On September 15, 1902, a delegation of African American Baptist pastors left Pittsburgh to attend the National Baptist Convention in Birmingham, Alabama. Between 5,000 and 7,000 delegates from across the country were expected.

On September 20, educators Booker T. Washington of Tuskegee Institute, William Hooper Council, founder of Alabama A&M from Normal, Alabama, and Richard Robert Wright, Sr. of Savannah, Georgia, were scheduled to speak at Shiloh Baptist Church, the largest African American church in Birmingham. There was a physical dispute between two individuals after Booker T. Washington's speech. Someone shouted "fight" and the crowd of nearly 2,000 in the church interpreted this as "fire" and scrambled to leave the building. The stampede within Shiloh Baptist Church killed 115 convention attendees.

The Pittsburgh delegation of Black pastors sustained no injuries, though it took two days to confirm that Rev. Robert S. Laws was unharmed.
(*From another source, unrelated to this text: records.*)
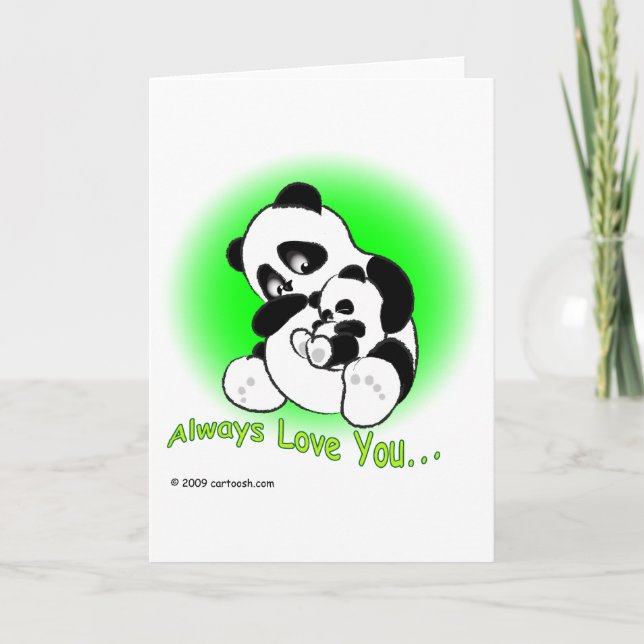 Tarjeta gigglePanda para el Día de la Madre (Anverso)
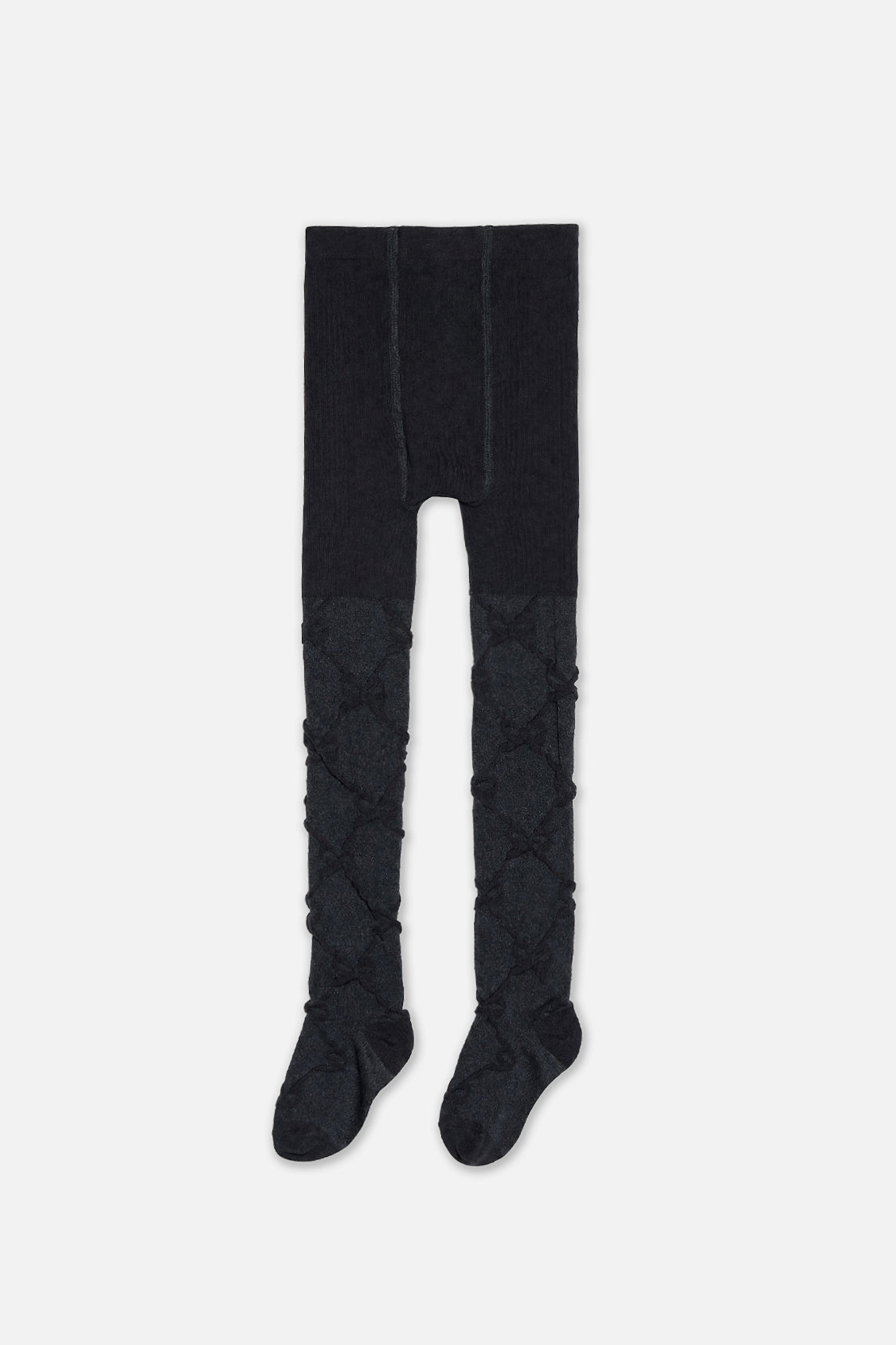 Knit Textured Tights Dark Blue
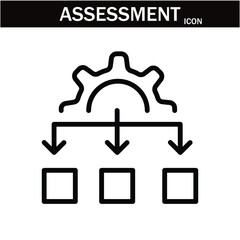  Assessment and Analysis line icon. Big UI icon in a flat design. editable stroke outline web icon .Vector illustration EPS10.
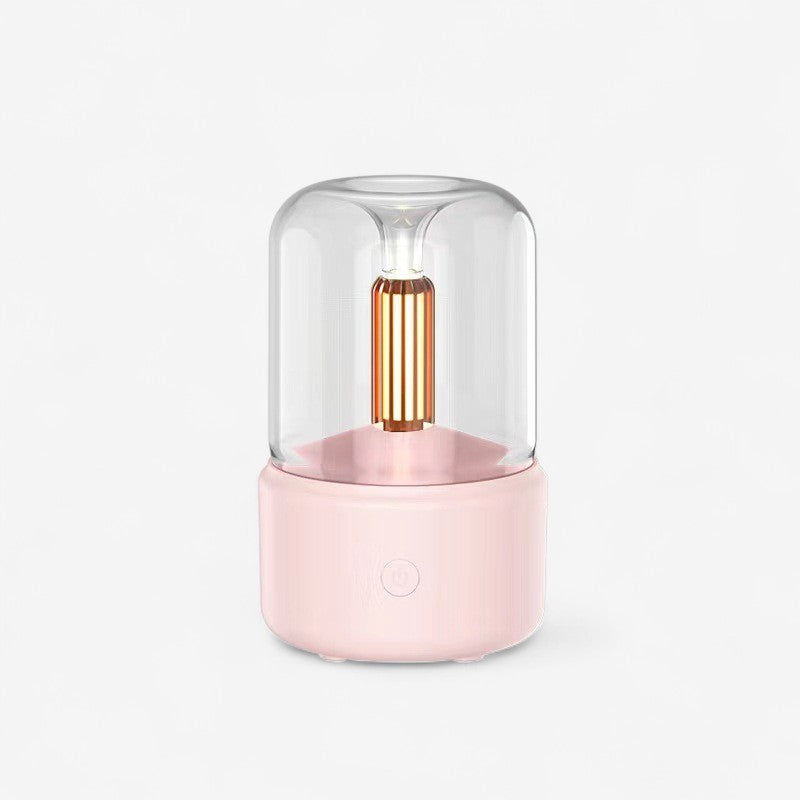 MistLume – Humidificateur d’air 2 en 1 avec lumière LED et commande tactile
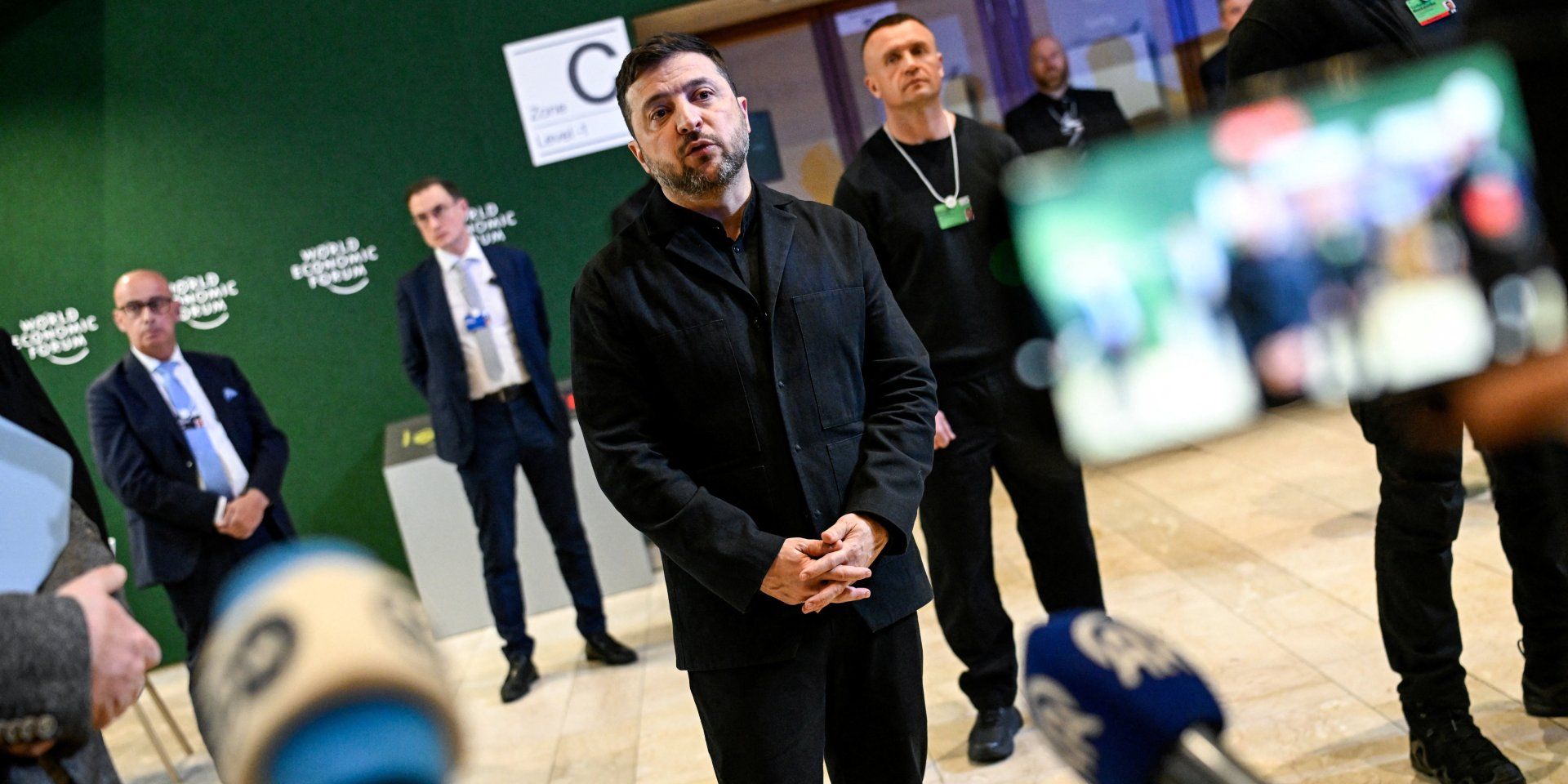 Ukraine's President Volodymyr Zelenskyy in Davos, Switzerland, Jan. 22, 2026 (Photo: REUTERS/Romina Amato)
==Death and commemoration==

Grave marker of Robert S. Laws at Homewood Cemetery, Pittsburgh.

Robert and Patsey Laws resided at 708 19th Street, NE in Washington, D.C. for several years, including in 1901 and 1902, according to Washington, D.C. city directories. Patsey Laws did not move to Pittsburgh, and washed clothes to earn money.

Laws contracted pneumonia and died in Pittsburgh on May 16, 1903. He was buried at Homewood Cemetery in Pittsburgh.

Mount Zion Baptist Church in Arlington, Virginia, arranged for a permanent marker to be placed at Laws's previously unmarked grave at Homewood Cemetery in Pittsburgh. A recommittal and dedication ceremony was held on July 10, 2026, 123 years after his death. The City of Pittsburgh issued a proclamation recognizing July 10, 2026, as “Rev. Robert Simon Laws Day.”